Collected data entries
= Beginning of Section =

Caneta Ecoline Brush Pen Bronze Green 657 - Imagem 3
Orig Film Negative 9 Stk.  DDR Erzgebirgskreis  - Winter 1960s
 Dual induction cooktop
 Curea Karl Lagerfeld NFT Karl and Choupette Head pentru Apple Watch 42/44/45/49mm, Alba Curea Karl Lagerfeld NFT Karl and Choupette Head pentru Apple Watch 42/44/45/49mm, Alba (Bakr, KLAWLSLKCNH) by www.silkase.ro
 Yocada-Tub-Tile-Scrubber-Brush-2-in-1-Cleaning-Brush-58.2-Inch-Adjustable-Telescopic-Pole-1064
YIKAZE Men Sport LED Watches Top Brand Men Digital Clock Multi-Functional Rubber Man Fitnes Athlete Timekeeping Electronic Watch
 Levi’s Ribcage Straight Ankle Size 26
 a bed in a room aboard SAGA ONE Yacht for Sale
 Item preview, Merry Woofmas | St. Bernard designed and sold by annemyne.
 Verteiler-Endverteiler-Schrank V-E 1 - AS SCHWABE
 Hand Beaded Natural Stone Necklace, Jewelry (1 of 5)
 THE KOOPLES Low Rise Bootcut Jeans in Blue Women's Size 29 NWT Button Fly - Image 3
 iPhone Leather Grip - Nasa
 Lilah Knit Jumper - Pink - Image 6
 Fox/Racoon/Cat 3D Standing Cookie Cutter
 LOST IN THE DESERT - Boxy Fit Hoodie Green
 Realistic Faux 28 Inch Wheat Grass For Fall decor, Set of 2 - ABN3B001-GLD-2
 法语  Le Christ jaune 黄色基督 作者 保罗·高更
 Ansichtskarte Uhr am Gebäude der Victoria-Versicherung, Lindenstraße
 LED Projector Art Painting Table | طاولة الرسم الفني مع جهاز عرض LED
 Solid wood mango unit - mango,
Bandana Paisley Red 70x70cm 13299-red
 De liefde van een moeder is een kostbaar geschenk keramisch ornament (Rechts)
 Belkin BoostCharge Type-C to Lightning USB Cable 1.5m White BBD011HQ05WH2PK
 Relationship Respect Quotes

= End of Section =

**What you will do:** Only the lines above starting at the one containing "Item preview, Merry" and ending at the one containing "Lilah Knit Jumper - Pink - Image 6", both included, are to be returned, exactly as they read.

**Response to the task:**
 Item preview, Merry Woofmas | St. Bernard designed and sold by annemyne.
 Verteiler-Endverteiler-Schrank V-E 1 - AS SCHWABE
 Hand Beaded Natural Stone Necklace, Jewelry (1 of 5)
 THE KOOPLES Low Rise Bootcut Jeans in Blue Women's Size 29 NWT Button Fly - Image 3
 iPhone Leather Grip - Nasa
 Lilah Knit Jumper - Pink - Image 6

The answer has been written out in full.